■ Exercise prompt:
Return, word for word, only the lines of the data below that lie between the line with "Vantaris Luxury Beach Resort" and the line with "Alberto Makali Multicolor", those two lines included.

■ Dataset:
##############################

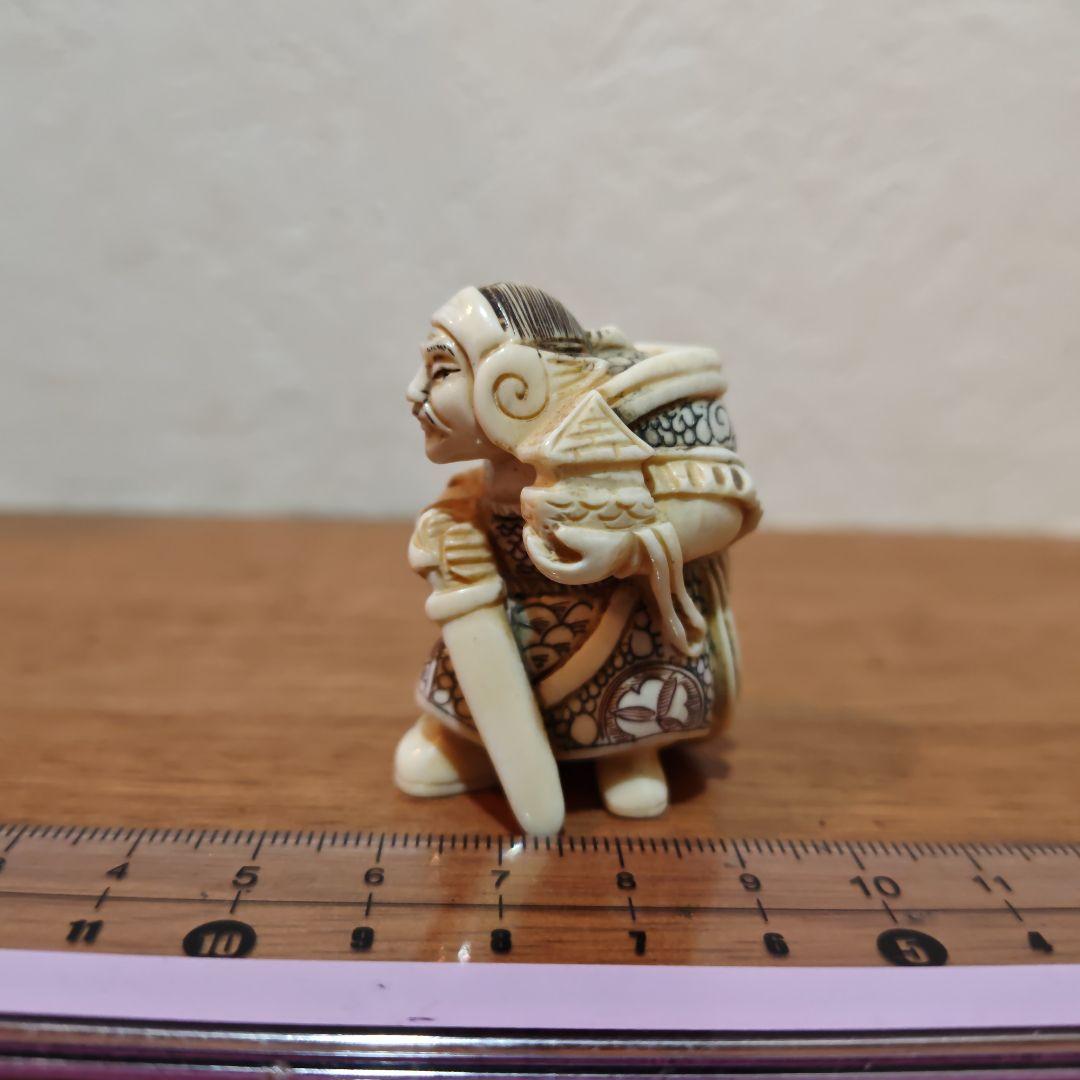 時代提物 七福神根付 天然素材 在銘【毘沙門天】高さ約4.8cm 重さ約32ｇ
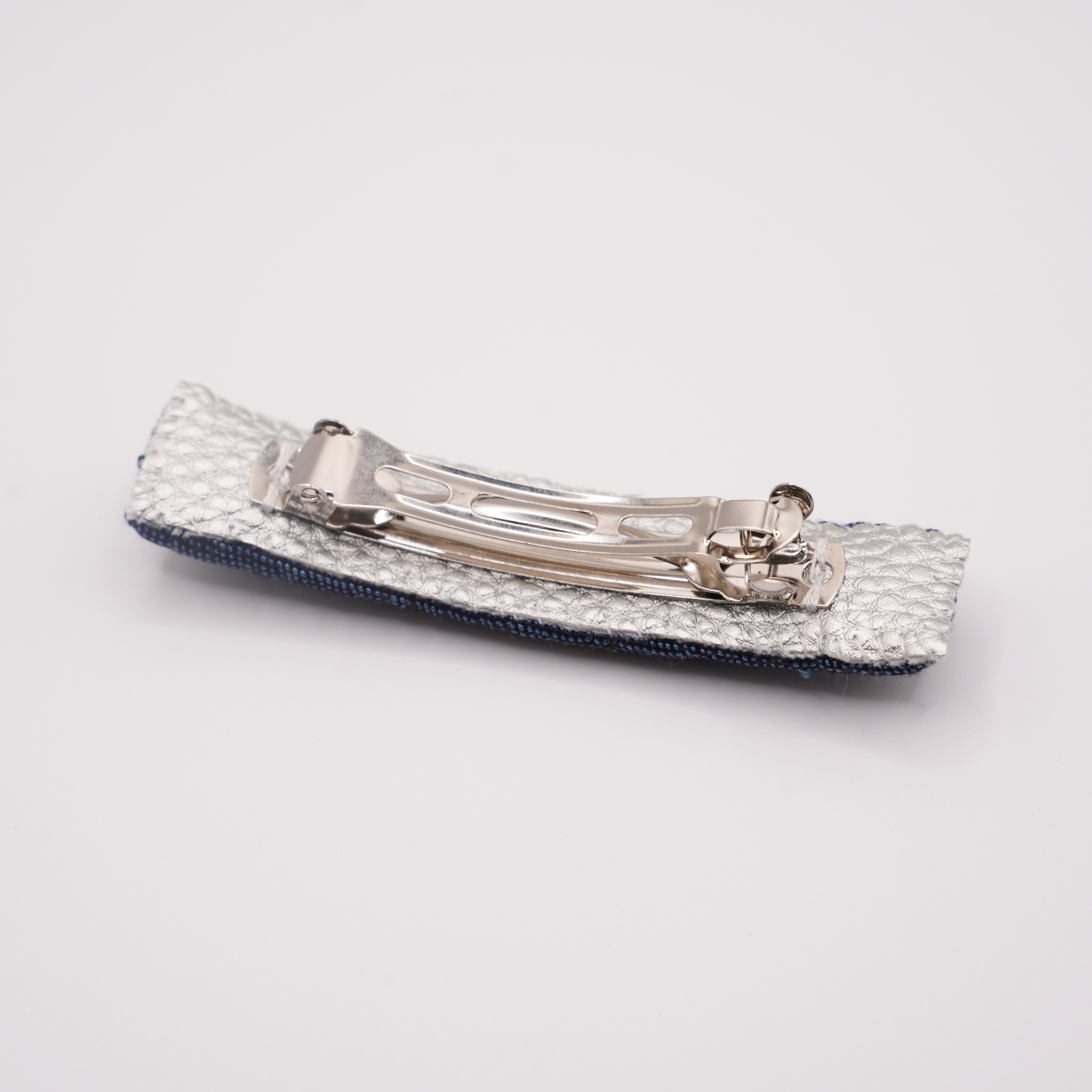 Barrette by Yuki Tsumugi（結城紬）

##############################

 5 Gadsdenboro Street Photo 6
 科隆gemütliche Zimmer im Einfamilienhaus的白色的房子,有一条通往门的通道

##############################

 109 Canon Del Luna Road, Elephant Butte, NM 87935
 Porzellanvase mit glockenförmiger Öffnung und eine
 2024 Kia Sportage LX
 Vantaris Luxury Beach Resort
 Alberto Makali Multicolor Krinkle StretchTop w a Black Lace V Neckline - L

##############################

■ Written answer:
 Vantaris Luxury Beach Resort
 Alberto Makali Multicolor Krinkle StretchTop w a Black Lace V Neckline - L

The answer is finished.